Apollo Tyres’s Neeraj Kanwar eyes US market again, 3 years after Cooper fiasco

Apollo Tyres MD Neeraj Kanwar puts together a small R&D team, hires business head for North America to make inroads in the world’s biggest tyre market


Neeraj Kanwar, vice-president and managing director, Apollo Tyres. Photo: Ramesh Pathania/Mint
Neeraj Kanwar, vice-president and managing director, Apollo Tyres. Photo: Ramesh Pathania/Mint

New Delhi: Neeraj Kanwar has put together a small research and development (R&D) team focused on the US and hired a business head for North America in his second attempt in three years to enter the world’s biggest tyre market.

The vice-chairman and managing director of Apollo Tyres Ltd has hired Steven Smidlein from Goodyear Tire and Rubber Co. as senior vice-president for north America. Smidlein will be responsible for building the brand and sales in north America for both Apollo and Vredestein, the Dutch tyre-maker Apollo acquired in 2009.

Apollo Tyres is also in the process of hiring two executives in R&D who will work in tandem with the firm’s R&D hub in Frankfurt to develop products for the US market, Kanwar said in an interview.

“A lot of emphasis is on building products. American vehicles are different from (those in) Europe. Our coverage of product mix is only 10% of the American car market. First challenge is to take it to 70%. That will only be done through R&D,” Kanwar said.

Apollo knows how to win in price-sensitive markets, explained Abdul Majeed, partner and auto practice leader, PricewaterhouseCoopers (PwC). Now, it will have to build products for customers who are quite willing to pay (for good products), he added.

Apollo does export to the US—roughly 150,000 units per year, just a fraction of the $47 billion market in which 300 million tyres are sold each year.

This is Kanwar’s second stab at entering the US after being thwarted the first time. Apollo announced a deal to buy Cooper Tire & Rubber Co. for $2.5 billion (around Rs14,575 crore then) on 12 June 2013, but the acquisition fell through because of obstacles created by Cooper’s Chinese joint venture partner.

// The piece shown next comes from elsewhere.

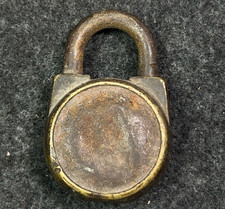 vtg Fraim padlock lancaster Pa no key picture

Had the deal gone through, it would have been the largest in India’s automotive industry, ahead of Tata Motors Ltd’s $2.3 billion purchase of Jaguar Land Rover in 2008. It would have made Apollo the seventh largest tyre maker in the world with control over Cooper’s 14 manufacturing plants around the world and a combined annual revenue of $6.5 billion.

Today, Apollo ranks 16th by revenue, according to Tyrepress, a trade journal. It has set itself a target of becoming a $6 billion company globally by 2020 from around $1.8 billion. The fillip from the US market will only come in the next decade, said Kanwar.

“In our tyre business, once you sustain $100 million per annum turnover in the US then you look at sourcing and manufacturing facilities as freight is very expensive,” he said. “We have just put the seeds in marketing and distribution. About 4-5 years from now, we will look at opportunities for setting up a factory and local sourcing.”

Without succeeding in the US, it will be difficult for Apollo Tyres to make a mark globally, said Majeed of PwC.

The US market will keep adding 16-17 million vehicles every year, according to him. Besides, with a vehicle population of 200 million, the US is a huge replacement market.

Had Kanwar succeeded in buying Cooper, it would have given him an easy entry into China—the world’s largest tyre market. But, for now, China seems to be off the radar of Apollo Tyres. “I like Chinese food. But I don’t like the Chinese (market),” Kanwar said.